At $10.00 per chain it's worth it to stay in the game/cutting. Sharpening a chain with a hand file is just about as easy as it gets. You can match the angle IF you have a good eye Or use a small metal guide. Files are cheap. I use a Dremel/high speed grinder with a chainsaw stone. I have 5 or 6 chain saws and it's too expensive to have them sharpened, so I taught myself how. There are "thin kerf" chains and "full kerf" chains. There are "safety chains" and NOT.
The NOT type are much faster cutting as they take a bigger bite.
Ripping is much slower with a safety chain. Ripping slabs is more time consuming than cutting cross cutting large diameters.


----------



## Max Rockatanski (Jun 22, 2017)

In the event anyone tries this type of job in the future, be sure to use a "ripping chain" for the chainsaw as such a chain is the proper tool for cutting with the grain. Using the proper tool is the first step toward safety. When dealing with chainsaws, safety is the only path to follow. Hope the walnut stump job was a success. Please post pics if you survived the experience.


----------



## mackman (Mar 2, 2016)

Max Rockatanski said:


> In the event anyone tries this type of job in the future, be sure to use a "ripping chain" for the chainsaw as such a chain is the proper tool for cutting with the grain. Using the proper tool is the first step toward safety. When dealing with chainsaws, safety is the only path to follow. Hope the walnut stump job was a success. Please post pics if you survived the experience.


I did indeed survive, and was able to get a couple large chunks (probably about four feet long and 16 inches wide and high). Unfortunately, my mill guy is out of commission (hopefully temporarily) and I don't have a chainsaw suitable for cleanly ripping them into slabs. (Also unfortunately: I don't have pics of the slabs I cut.)

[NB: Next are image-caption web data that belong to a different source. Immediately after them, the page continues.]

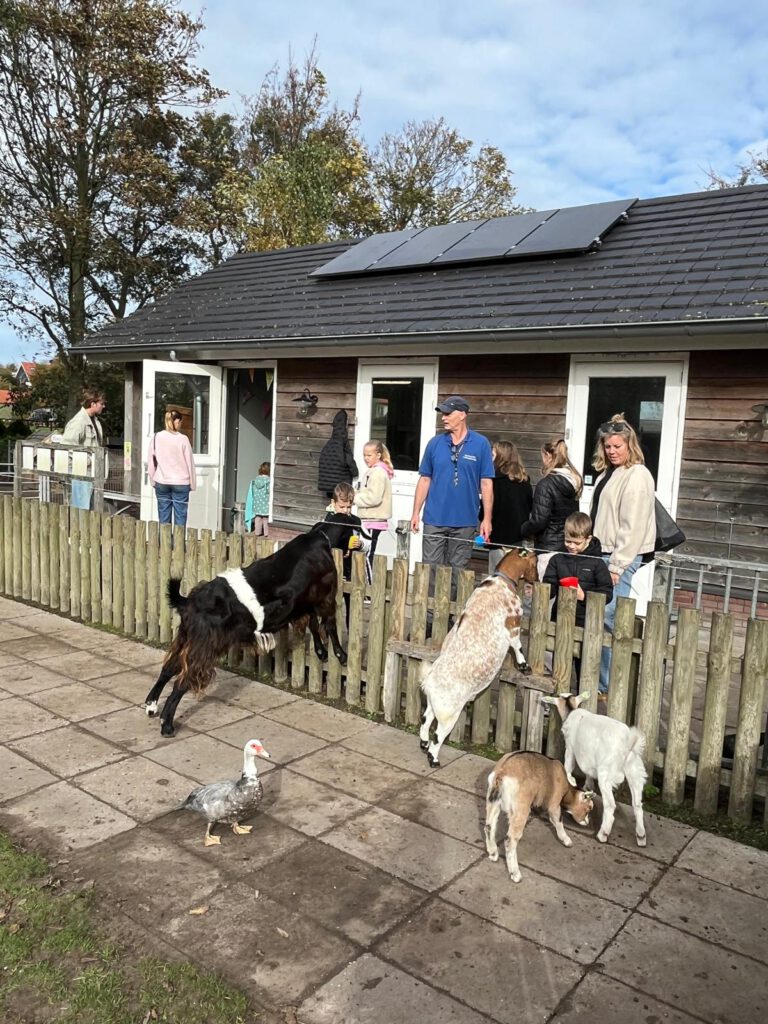 Afbeelding van WhatsApp op 2025-10-22 om 17.12.58_3bfa6cad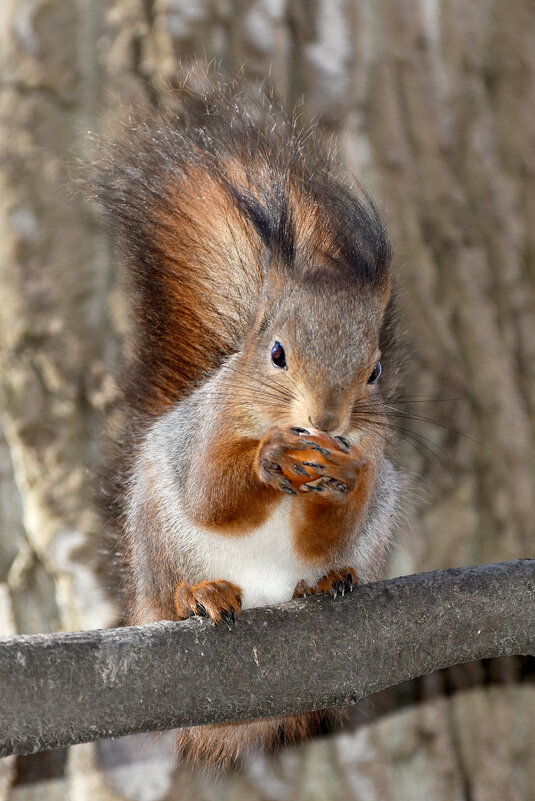 Москва. Воронцовский парк. - Наташа *****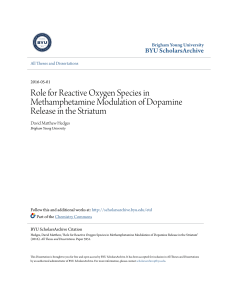 Role for Reactive Oxygen Species in Methamphetamine Modulation
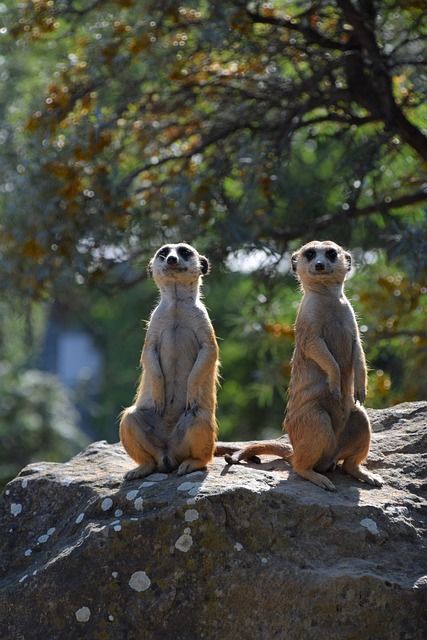Erdmännchen, Dyr, Zoo, Sød, Pels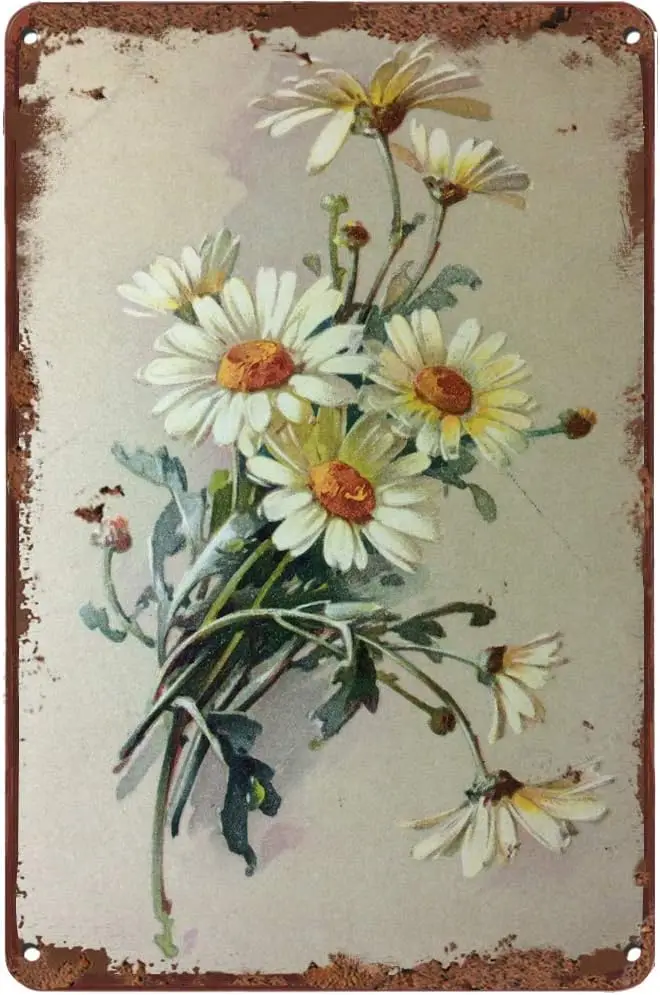Vintage Tin Sign Flower White Daisy Dew Drop Metal Retro Wall Decor Home Cafe Office Store Pub Club Gift Plaque Sigs Dimension S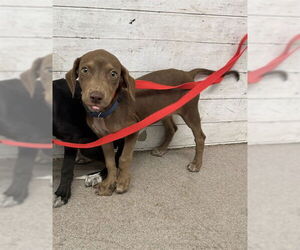 Labrador Retriever-Unknown Mix Dogs for adoption in San Bernardino, CA, USA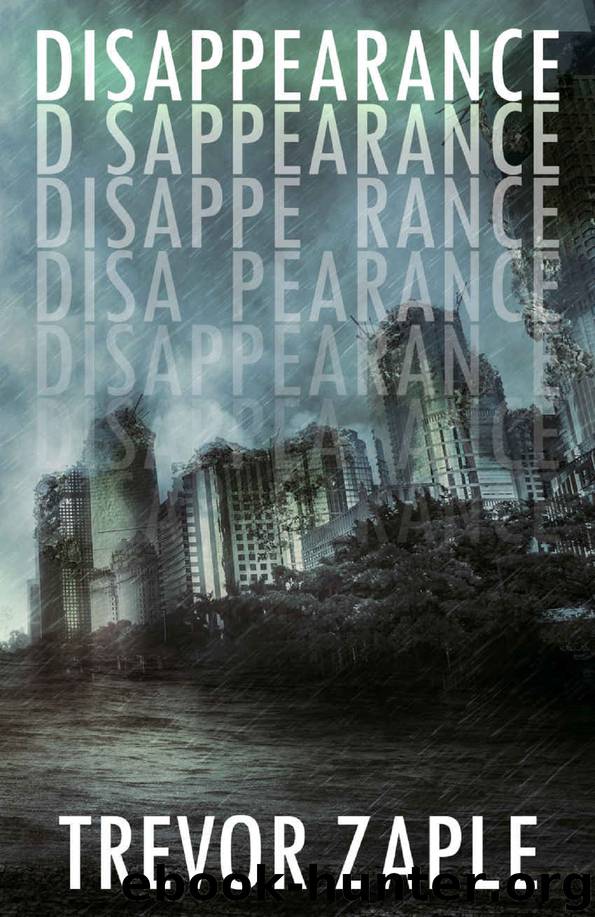Disappearance by Trevor Zaple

A question about the "ripping chain": I did some initial research on this, and I read that a ripping chain is not advised for "free-handing" with a saw...that is, a ripping chain should only be used in conjunction with a chainsaw mill, as otherwise it's just too difficult to control. Is that not the case? I know it's not advisable to leave lumber in chunks for any longer than you have to, so I'll definitely be looking into ripping the chunks into slabs when I have the time and money.


----------



## Pineknot_86 (Feb 19, 2016)

Never saw a ripping chain anywhere in all my years. Do you have anywhere else to deal with than HD? I had a real bad experience with our local HD and haven't been back in over 4 years. Good luck with your purchase. Sometimes rental items aren't cared for by the renters.


----------



## Max Rockatanski (Jun 22, 2017)

Re: ripping chain use . . . yes one would want to only use a chainsaw mill with it for many reasons, but precise, linear cuts is the first that comes to mind. Chainsaw mills are, relatively, inexpensive. You can also research "Alaska/n Mill". 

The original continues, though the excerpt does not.